With all these parameters and configurations set, let’s initialize the
PyMica class with the methodology set to ‘mlr+id3d’.
mlr_id3d_method = PyMica(methodology='mlr+id3d', config=config_file)
The data we’ll use for interpolation is the same as the one used in the
mlr+id2d section. Then, let’s call the interpolate class method.
data_field = mlr_id3d_method.interpolate(data)
Now, we can get a quick look of the data_field array using
matplotlib.
import matplotlib.pyplot as plt
plt.imshow(data_field)
plt.colorbar(label='Air temperature (\u00b0C)')

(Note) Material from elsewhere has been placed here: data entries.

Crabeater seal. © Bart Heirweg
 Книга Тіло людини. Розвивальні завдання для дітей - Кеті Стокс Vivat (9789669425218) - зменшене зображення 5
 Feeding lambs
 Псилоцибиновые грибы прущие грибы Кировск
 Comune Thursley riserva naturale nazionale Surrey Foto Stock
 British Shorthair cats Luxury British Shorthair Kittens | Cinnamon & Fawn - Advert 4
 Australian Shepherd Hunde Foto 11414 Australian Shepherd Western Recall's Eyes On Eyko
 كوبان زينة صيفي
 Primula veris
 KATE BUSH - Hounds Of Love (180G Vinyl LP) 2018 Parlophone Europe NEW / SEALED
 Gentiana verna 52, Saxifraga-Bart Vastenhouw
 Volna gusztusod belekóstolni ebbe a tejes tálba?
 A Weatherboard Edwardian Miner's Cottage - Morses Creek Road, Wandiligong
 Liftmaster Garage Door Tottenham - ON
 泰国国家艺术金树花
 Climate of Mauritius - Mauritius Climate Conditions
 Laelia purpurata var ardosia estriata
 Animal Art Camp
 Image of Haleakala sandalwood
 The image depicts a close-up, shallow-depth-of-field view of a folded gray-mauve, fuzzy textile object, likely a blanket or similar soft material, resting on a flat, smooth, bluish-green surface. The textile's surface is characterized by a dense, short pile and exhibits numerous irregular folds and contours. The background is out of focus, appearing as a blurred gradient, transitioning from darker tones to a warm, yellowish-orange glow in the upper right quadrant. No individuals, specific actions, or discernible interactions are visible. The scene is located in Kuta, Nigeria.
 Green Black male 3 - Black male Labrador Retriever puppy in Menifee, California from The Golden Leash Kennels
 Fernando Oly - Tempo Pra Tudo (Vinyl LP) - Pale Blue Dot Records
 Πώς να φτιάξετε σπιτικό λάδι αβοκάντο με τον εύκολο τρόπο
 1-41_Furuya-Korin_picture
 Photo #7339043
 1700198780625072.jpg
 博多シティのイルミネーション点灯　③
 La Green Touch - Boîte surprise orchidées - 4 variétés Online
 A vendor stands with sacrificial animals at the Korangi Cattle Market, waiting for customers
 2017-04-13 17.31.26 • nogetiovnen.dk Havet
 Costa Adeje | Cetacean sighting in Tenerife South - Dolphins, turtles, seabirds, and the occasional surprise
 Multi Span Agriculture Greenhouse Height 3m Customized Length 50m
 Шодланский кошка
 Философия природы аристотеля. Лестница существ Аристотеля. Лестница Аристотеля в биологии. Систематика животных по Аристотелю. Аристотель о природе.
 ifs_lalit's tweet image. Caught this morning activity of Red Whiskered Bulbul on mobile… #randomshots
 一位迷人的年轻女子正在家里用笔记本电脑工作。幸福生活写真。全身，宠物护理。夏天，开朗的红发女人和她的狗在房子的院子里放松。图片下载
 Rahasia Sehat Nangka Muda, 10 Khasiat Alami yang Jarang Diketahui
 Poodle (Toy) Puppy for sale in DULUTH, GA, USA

Finally, we can save the result into a GeoTIFF file using
pymica.pymica.PyMica.save_file() from PyMica class.
mlr_id3d_method.save_file("sample-data/results/mlr_id3d.tif")
We have now completed this tutorial on how to interpolate station data
using the mlr methodology combined with residuals correction
(id2d and id3d). You can experiment with changing the
variables_files in the configuration dictionary to observe how the
behavior of each variable affects the interpolation result.